Short web captions
● ● ● ●

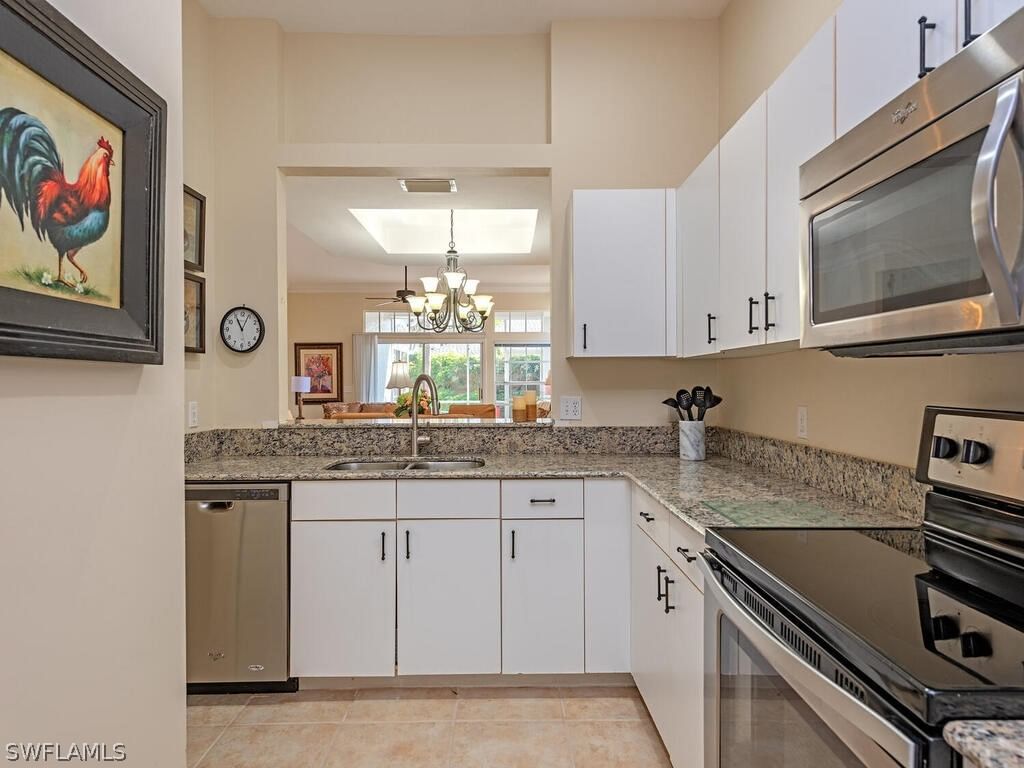 130 Amblewood Lane #8-801, Naples, FL 34105 photo 5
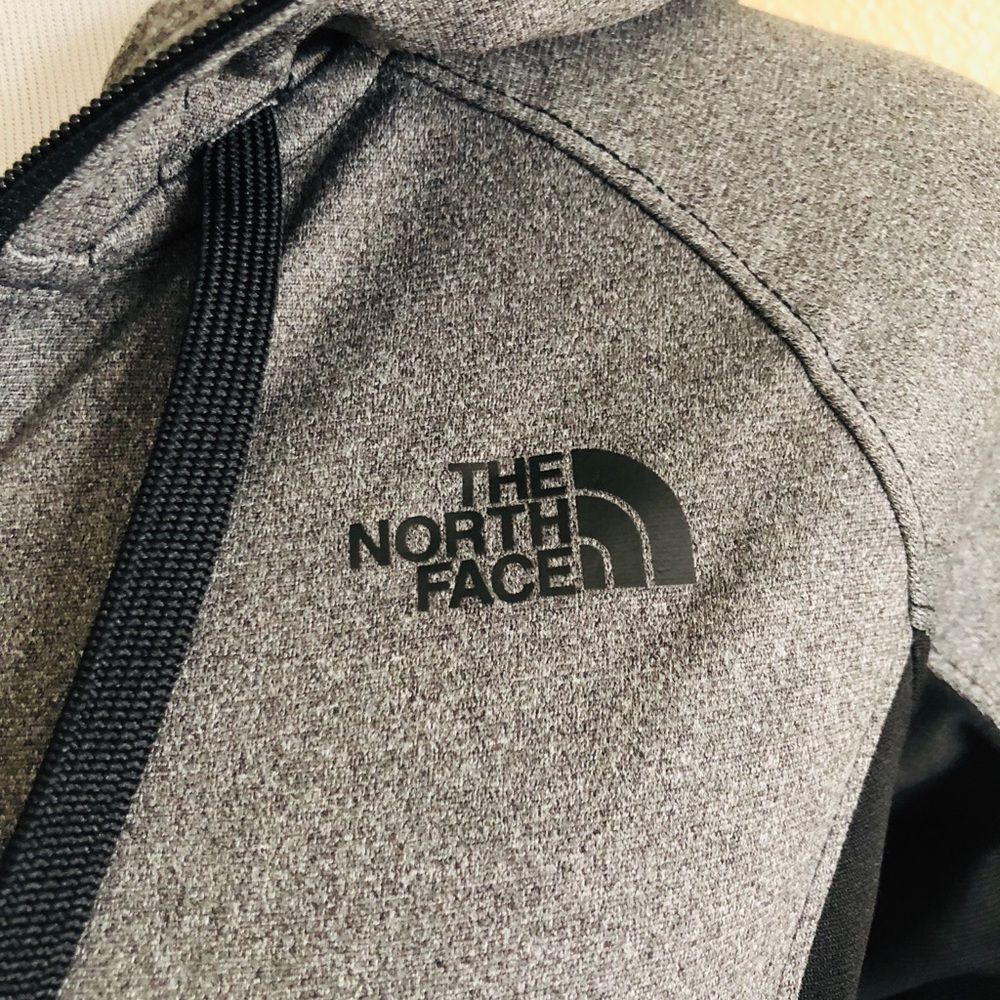 Northface Lightweight Jacket - image 2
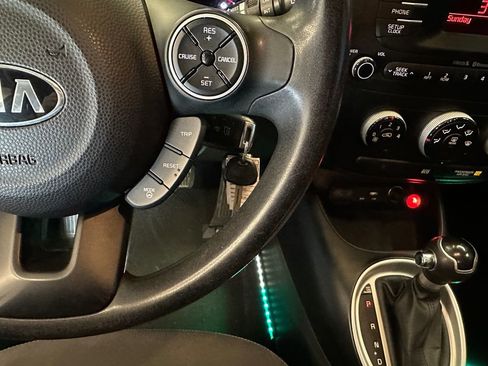 Used 2016 Kia Soul FWD image 12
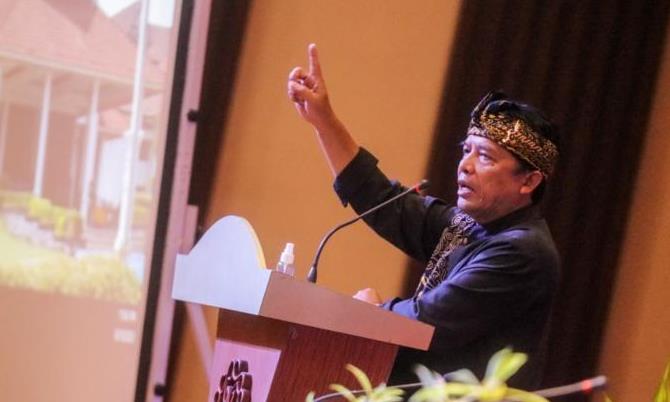 Suka Duka Kang DN dan Kang Gun Gun Dalam Satu Dekade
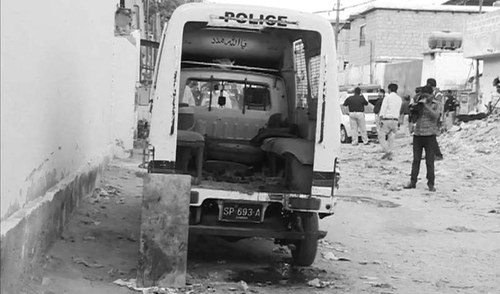 Gunmen kill three cops in Karachi
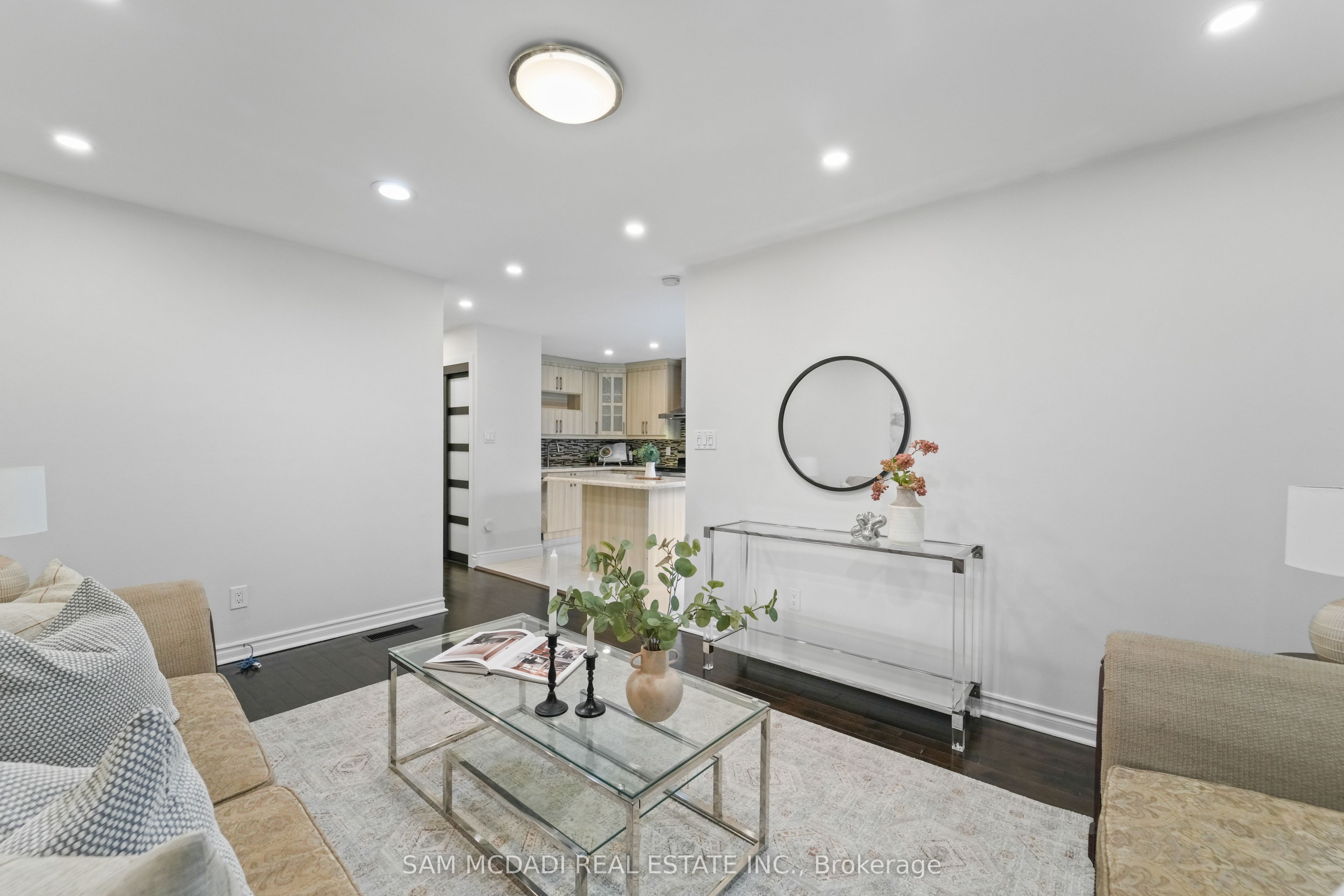 Additional image 5 of 19 Shalom Crescent, Toronto, ON, M9V 4J3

● ● ● ●

- **TASK GOAL**:
Reproduce all the data as it stands. The pictures are not part of the copy.

- **OUTPUT OF THE EXERCISE**:
 130 Amblewood Lane #8-801, Naples, FL 34105 photo 5
 Northface Lightweight Jacket - image 2
 Used 2016 Kia Soul FWD image 12
 Suka Duka Kang DN dan Kang Gun Gun Dalam Satu Dekade
 Gunmen kill three cops in Karachi
 Additional image 5 of 19 Shalom Crescent, Toronto, ON, M9V 4J3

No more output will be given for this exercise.